Using the entries that follow, write out the line containing "破解AirPods與英雄聯(lián)盟", the line containing "Masala Chai Loose Leaf Tea", and every line between them, exactly and nothing else.

[SUPPLIED MATERIAL]
• • • •

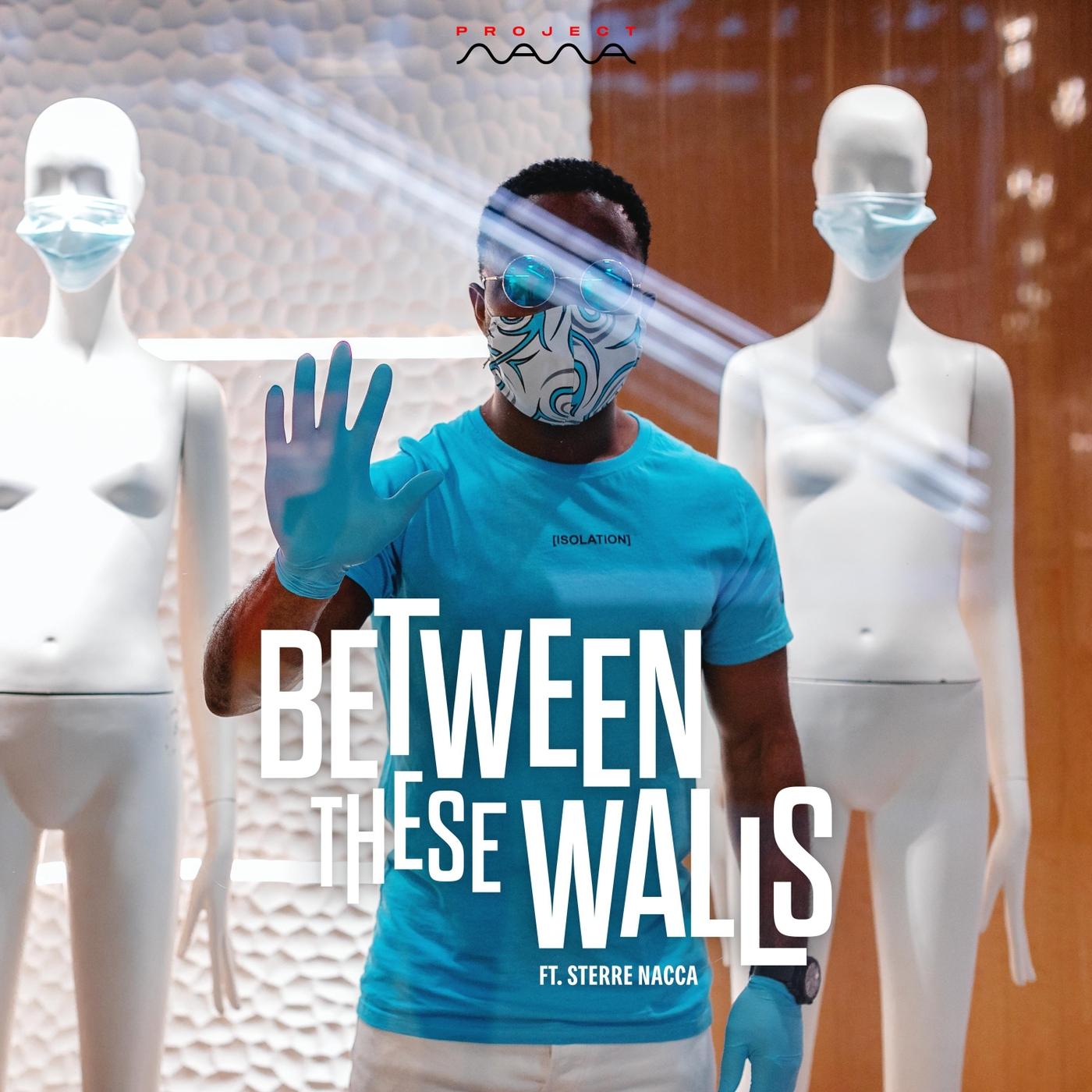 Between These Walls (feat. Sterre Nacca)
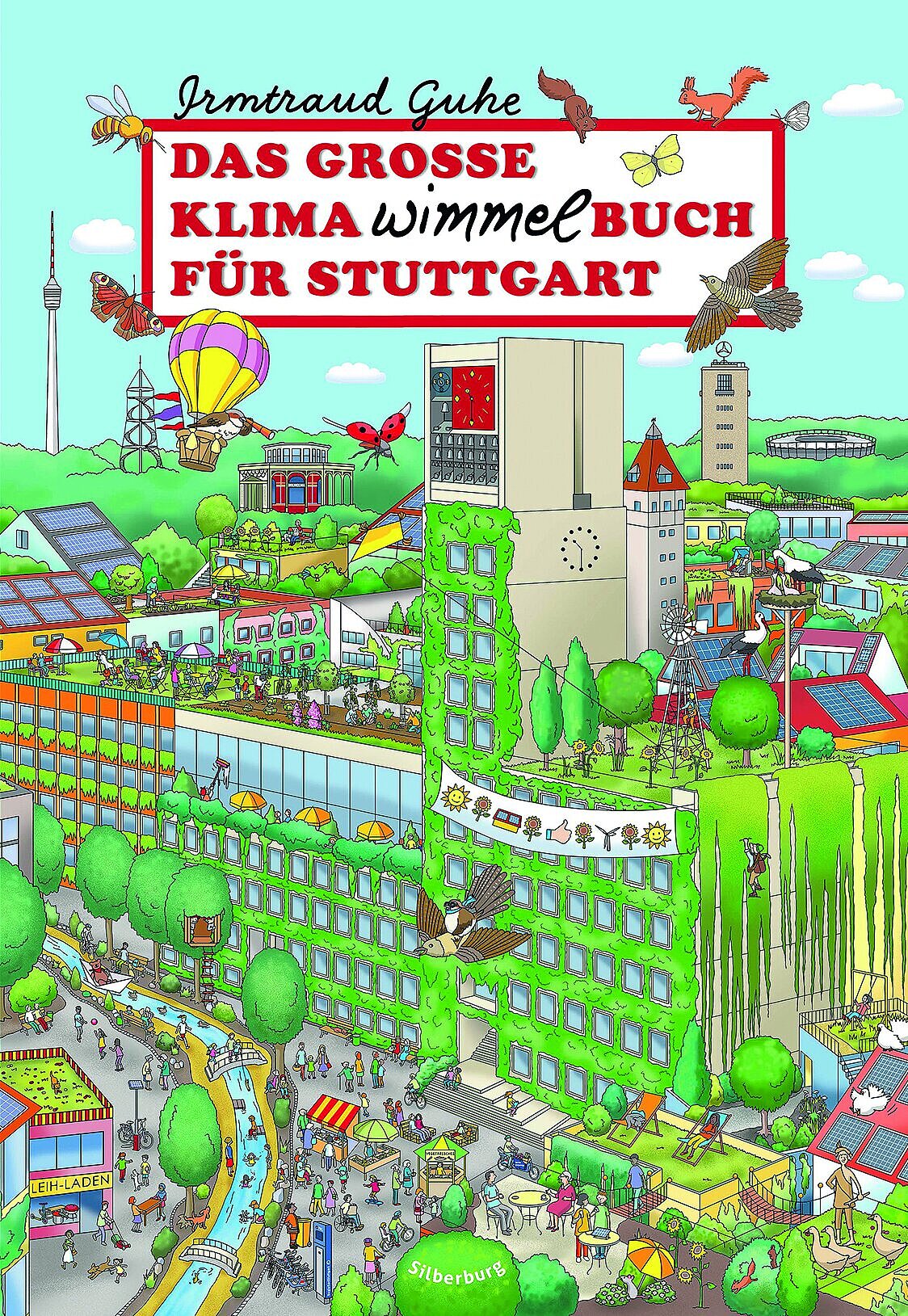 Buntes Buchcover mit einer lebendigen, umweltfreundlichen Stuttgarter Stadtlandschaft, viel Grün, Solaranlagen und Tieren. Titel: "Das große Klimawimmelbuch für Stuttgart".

• • • •

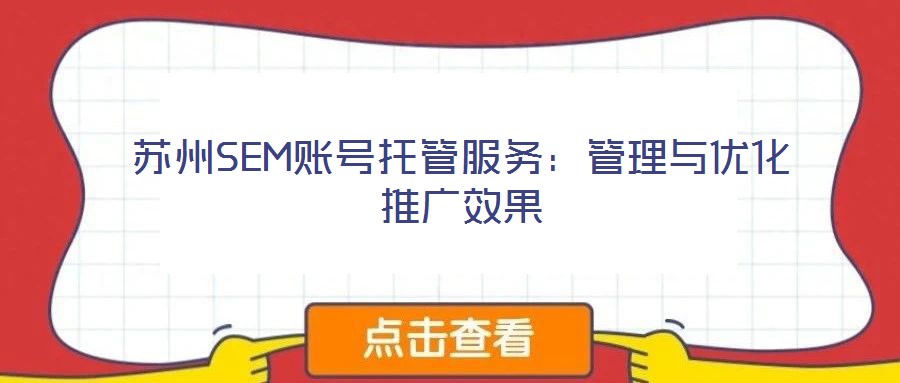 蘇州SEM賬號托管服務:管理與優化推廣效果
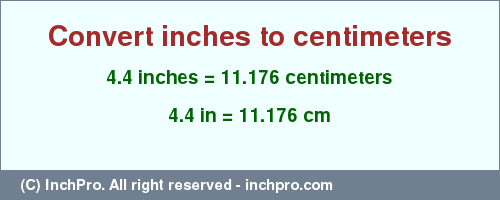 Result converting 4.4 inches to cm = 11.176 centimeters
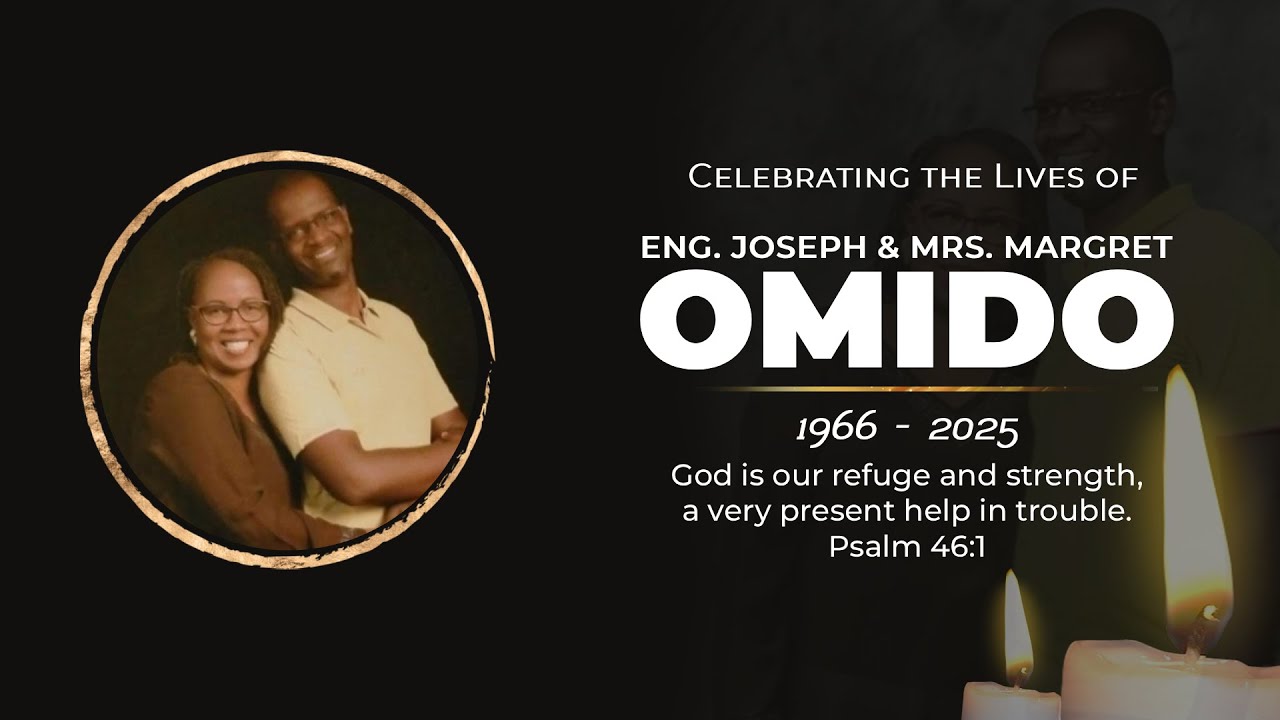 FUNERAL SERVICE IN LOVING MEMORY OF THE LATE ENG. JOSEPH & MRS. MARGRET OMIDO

• • • •

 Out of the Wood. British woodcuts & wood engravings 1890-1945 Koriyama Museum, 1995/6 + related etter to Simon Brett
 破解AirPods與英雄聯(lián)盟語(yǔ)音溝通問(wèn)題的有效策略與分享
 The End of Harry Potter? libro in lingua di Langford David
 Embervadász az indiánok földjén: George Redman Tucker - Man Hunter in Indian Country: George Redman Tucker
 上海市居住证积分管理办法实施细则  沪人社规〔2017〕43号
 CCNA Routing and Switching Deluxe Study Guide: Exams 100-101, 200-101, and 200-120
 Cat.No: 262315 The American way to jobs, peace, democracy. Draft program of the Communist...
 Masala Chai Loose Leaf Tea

• • • •

[REPLY TO THE EXERCISE]
 破解AirPods與英雄聯(lián)盟語(yǔ)音溝通問(wèn)題的有效策略與分享
 The End of Harry Potter? libro in lingua di Langford David
 Embervadász az indiánok földjén: George Redman Tucker - Man Hunter in Indian Country: George Redman Tucker
 上海市居住证积分管理办法实施细则  沪人社规〔2017〕43号
 CCNA Routing and Switching Deluxe Study Guide: Exams 100-101, 200-101, and 200-120
 Cat.No: 262315 The American way to jobs, peace, democracy. Draft program of the Communist...
 Masala Chai Loose Leaf Tea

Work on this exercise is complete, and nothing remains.